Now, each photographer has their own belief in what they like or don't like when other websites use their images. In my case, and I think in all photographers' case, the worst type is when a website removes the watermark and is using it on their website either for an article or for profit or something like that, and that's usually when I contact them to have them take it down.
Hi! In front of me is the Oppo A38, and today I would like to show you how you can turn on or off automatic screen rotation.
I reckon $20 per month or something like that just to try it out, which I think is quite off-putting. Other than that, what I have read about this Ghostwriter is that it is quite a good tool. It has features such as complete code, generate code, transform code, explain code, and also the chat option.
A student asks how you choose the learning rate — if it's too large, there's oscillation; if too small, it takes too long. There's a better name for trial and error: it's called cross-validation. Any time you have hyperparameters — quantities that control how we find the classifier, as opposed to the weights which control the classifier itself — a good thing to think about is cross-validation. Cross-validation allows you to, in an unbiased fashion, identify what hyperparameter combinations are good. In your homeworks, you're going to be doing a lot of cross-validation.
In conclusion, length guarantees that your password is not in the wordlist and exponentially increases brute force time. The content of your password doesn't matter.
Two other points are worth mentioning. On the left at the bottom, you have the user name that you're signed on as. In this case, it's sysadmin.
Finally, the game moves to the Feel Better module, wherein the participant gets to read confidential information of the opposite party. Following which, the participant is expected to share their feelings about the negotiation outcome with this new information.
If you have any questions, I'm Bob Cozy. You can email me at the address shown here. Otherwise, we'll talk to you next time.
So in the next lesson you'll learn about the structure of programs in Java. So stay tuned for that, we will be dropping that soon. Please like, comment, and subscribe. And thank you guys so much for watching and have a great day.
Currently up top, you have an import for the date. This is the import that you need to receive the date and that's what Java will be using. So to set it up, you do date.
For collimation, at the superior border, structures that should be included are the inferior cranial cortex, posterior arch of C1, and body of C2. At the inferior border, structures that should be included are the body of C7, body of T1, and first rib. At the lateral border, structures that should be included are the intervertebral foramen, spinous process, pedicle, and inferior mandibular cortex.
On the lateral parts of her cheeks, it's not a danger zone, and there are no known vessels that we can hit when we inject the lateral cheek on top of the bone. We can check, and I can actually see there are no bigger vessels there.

+++++

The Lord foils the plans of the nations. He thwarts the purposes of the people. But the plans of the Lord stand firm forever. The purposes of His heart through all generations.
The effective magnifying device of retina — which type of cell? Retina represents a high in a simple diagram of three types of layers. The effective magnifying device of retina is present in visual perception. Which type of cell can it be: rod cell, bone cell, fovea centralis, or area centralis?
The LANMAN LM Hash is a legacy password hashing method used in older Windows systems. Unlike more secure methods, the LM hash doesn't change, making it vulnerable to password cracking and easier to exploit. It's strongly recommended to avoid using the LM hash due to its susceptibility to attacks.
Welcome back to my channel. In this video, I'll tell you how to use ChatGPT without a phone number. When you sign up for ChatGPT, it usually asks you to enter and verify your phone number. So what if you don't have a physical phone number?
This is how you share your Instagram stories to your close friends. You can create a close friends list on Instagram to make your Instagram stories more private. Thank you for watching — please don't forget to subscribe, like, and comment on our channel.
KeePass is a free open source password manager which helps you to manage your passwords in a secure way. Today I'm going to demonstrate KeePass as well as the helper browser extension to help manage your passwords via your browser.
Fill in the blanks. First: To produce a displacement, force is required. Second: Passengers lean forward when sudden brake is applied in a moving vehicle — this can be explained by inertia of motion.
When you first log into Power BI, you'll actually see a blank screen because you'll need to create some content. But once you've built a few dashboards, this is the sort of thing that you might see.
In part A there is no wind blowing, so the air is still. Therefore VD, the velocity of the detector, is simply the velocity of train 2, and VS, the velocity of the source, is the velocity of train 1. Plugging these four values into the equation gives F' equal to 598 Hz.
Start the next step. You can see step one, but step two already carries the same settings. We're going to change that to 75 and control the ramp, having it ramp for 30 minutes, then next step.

+++++

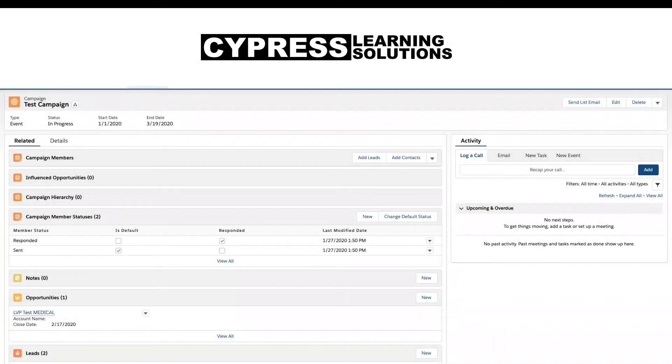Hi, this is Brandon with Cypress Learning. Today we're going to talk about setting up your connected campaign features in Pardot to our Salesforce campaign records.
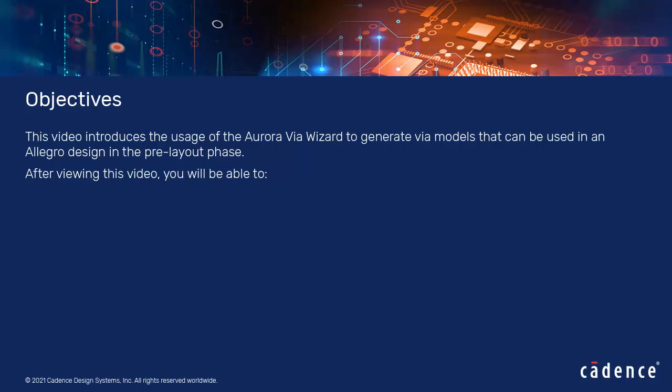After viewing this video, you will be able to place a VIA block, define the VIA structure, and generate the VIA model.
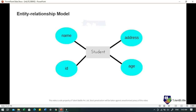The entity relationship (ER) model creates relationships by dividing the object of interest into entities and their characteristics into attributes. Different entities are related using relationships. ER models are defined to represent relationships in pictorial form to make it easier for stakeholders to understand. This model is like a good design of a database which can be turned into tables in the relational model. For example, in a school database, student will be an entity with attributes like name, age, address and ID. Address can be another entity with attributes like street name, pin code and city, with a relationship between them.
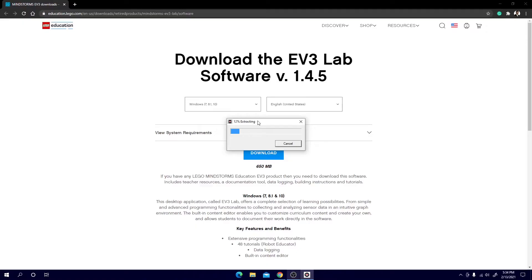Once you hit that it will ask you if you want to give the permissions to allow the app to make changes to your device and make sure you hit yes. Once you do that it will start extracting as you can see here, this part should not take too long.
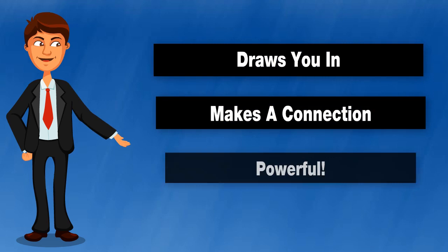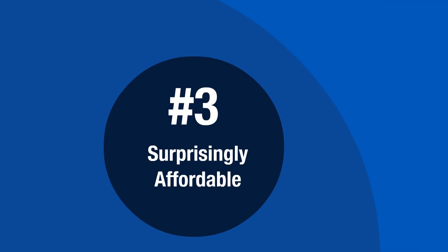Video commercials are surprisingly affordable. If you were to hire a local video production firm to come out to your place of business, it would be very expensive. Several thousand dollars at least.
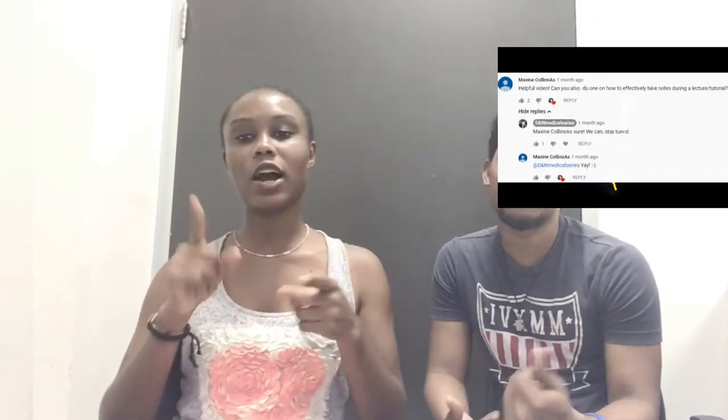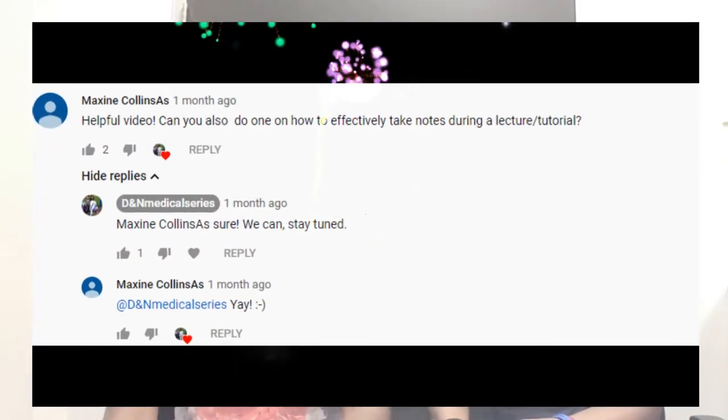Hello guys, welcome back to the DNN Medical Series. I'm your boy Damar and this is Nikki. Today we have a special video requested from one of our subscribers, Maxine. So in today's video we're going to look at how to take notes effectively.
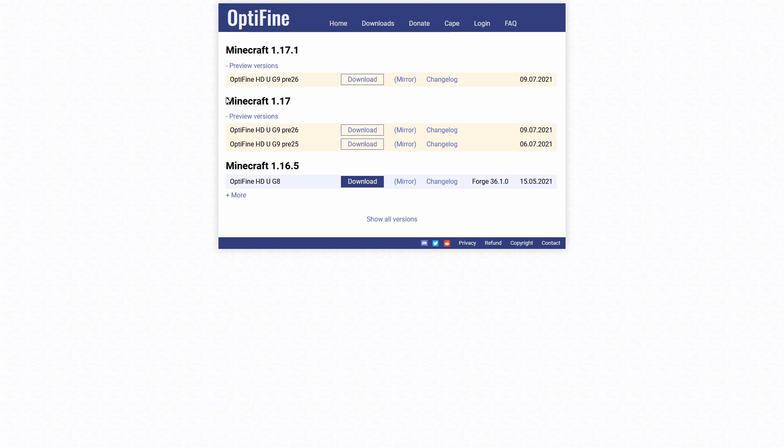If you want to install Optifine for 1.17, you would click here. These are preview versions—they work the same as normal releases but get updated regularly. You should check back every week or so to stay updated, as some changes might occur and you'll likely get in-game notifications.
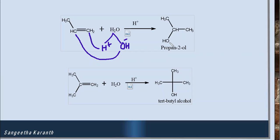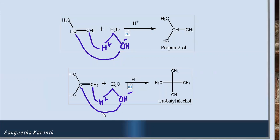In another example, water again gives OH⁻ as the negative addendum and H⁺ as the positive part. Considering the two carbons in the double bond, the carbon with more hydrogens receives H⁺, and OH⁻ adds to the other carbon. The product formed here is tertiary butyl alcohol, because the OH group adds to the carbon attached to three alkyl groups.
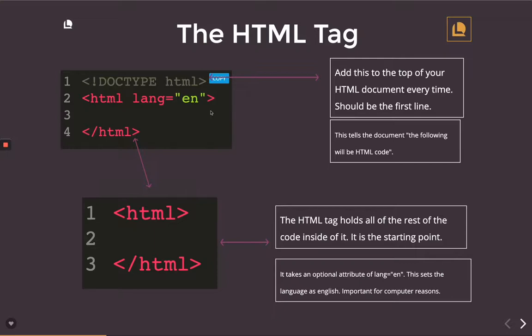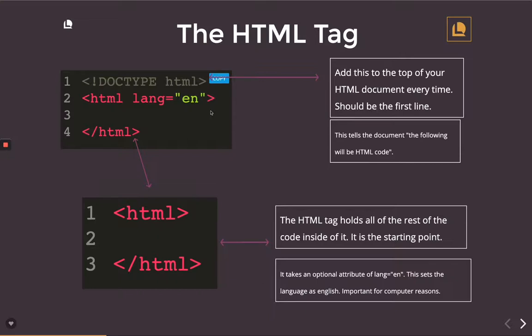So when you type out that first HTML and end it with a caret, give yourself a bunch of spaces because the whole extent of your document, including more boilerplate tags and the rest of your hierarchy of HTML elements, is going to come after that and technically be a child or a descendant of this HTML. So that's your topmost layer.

+++++

Task objective: Skip every picture, and restate word for word only the lines above from the line containing "Once you hit" to the line containing "If you want to install", both of them included.

Task response:
Once you hit that it will ask you if you want to give the permissions to allow the app to make changes to your device and make sure you hit yes. Once you do that it will start extracting as you can see here, this part should not take too long.
Video commercials are surprisingly affordable. If you were to hire a local video production firm to come out to your place of business, it would be very expensive. Several thousand dollars at least.
Hello guys, welcome back to the DNN Medical Series. I'm your boy Damar and this is Nikki. Today we have a special video requested from one of our subscribers, Maxine. So in today's video we're going to look at how to take notes effectively.
If you want to install Optifine for 1.17, you would click here. These are preview versions—they work the same as normal releases but get updated regularly. You should check back every week or so to stay updated, as some changes might occur and you'll likely get in-game notifications.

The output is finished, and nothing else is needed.